I'm doing pretty much the same thing. Converting an area of lawn out back to poultry pasture. This lawn area was mostly sterile junk....crabgrass, fescue and maybe remnants of bluegrass or rye. It will be a series of raised beds, sporting alternating strips of seasonal fodder. Cover crops like oats and winter peas, rape (same plant they grow canola from), forage turnips, tillage radishes, beets, etc. Perhaps some Korean lespedeza. If you want some fast, quick and dirty high stuff for them as shade and hide under, scatter in some sudan grass seed. In addition to green stuff for them to eat, many of them will attract insects of various kinds. Some, like sweet corn, field corn, sunflowers, and that sudan grass, in addition to being tall protective playpens, are also heavy feeders of nitrogen and phosphorous, which the chicken manure is high in and which tend to accumulate and overcook your ground if you are not careful. So these plants feed on the Nitrogen at least to tie it up.

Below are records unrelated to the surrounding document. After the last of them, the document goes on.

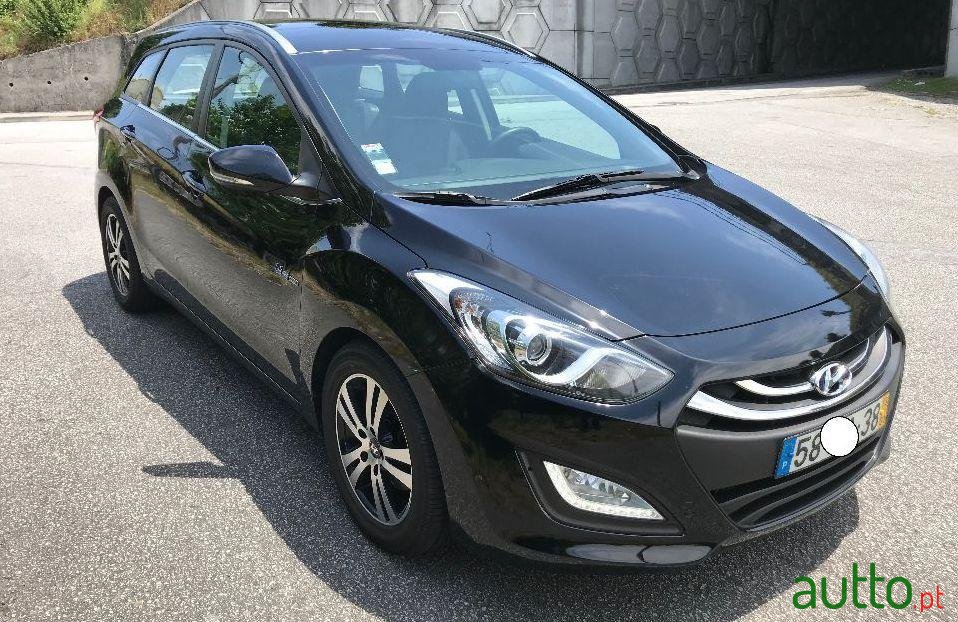 2013' Hyundai i30 Cw photo #2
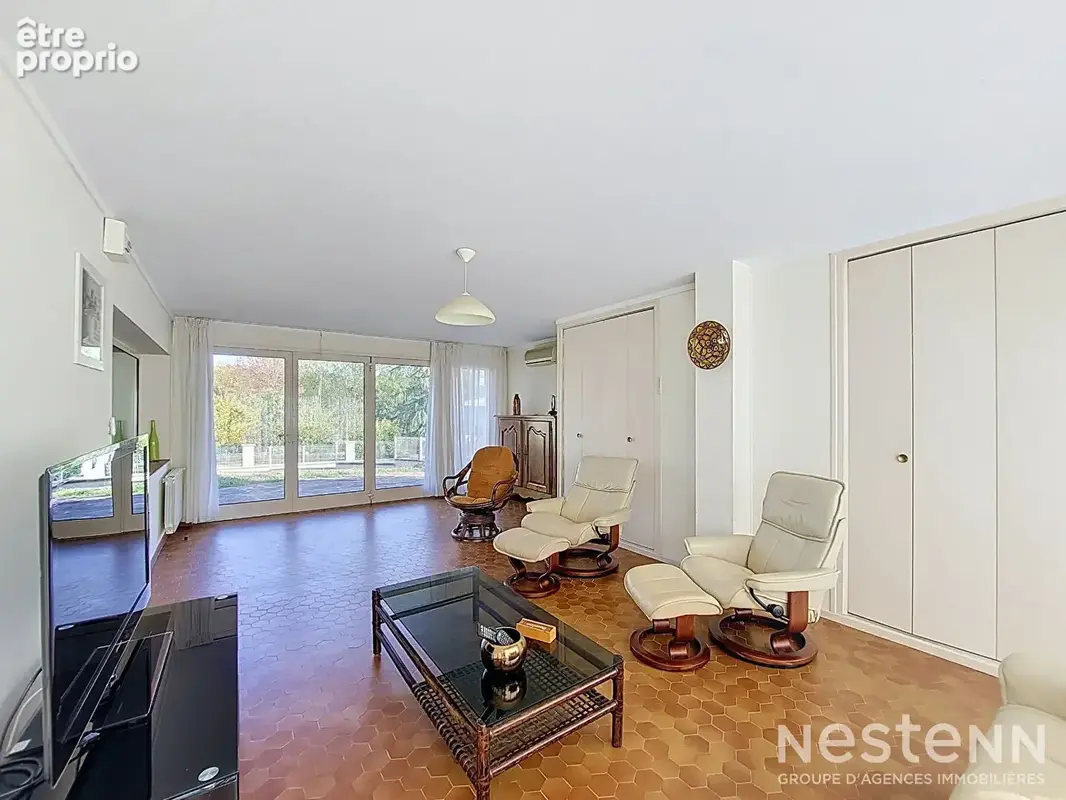 A Vendre Maison de 185 m² avec jardin clôturé dans un quartier résidentiel de Condom. - photo 4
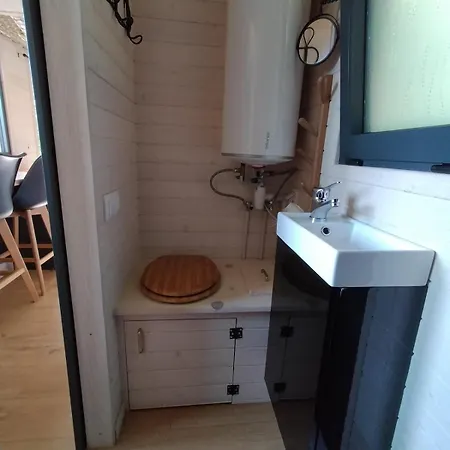 Tiny House Du Coq Aux Anes בקתה *
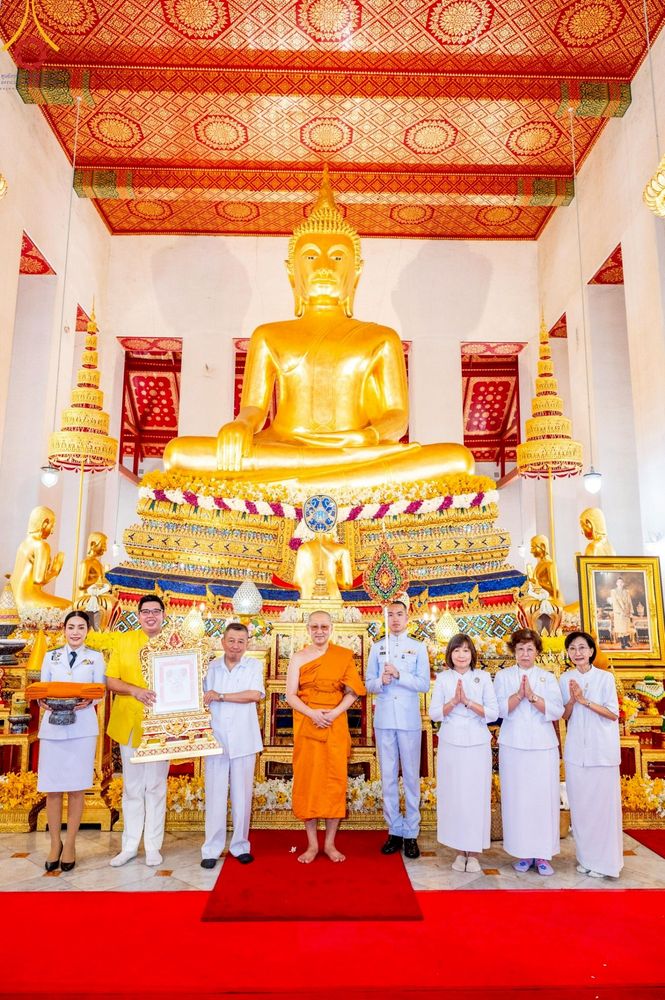 ภาพ No.214775:พิธีต้อนรับสัญญาบัตร พัดยศ พระราชวิเทศวชิรเวที (บัณฑิต วรปญฺโญ) เจ้าอาวาสวัดพระธรรมกายสกอตแลนด์ สหราชอาณาจักร ผู้ช่วยเจ้าอาวาสวัดพระธรรมกาย ณ อุโบสถพระไตรปิฏก วัดพระธรรมกาย
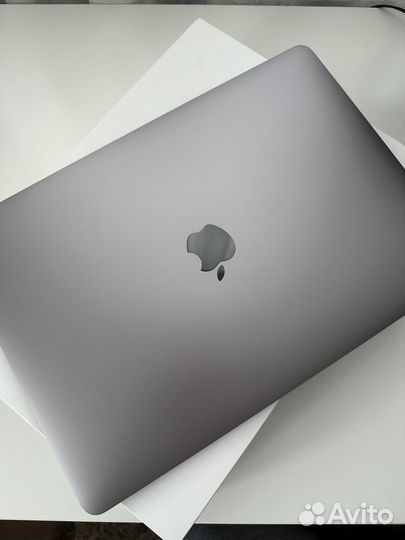 Macbook air 13 2019 retina 256gb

But all of these plants have to be protected until such time as they are either large enough to not be affected or enough of them to overwhelm the number birds you have. So much that they can't keep up. I going to use some 28" high poultry netting to ward them off during the establishment period. Initially, it may have to be hot to train them not to mess with it, but for the most part, it won't be left hot, which eliminates the maintenance issue.
Chicken and other livestock manures are good, to a point, but over time, you can get too much of a good thing. All the salts, all the minerals like phosphorous, calcium, etc. keep building. The best way to filter those is to use plants that are heavy feeders, then remove the plants.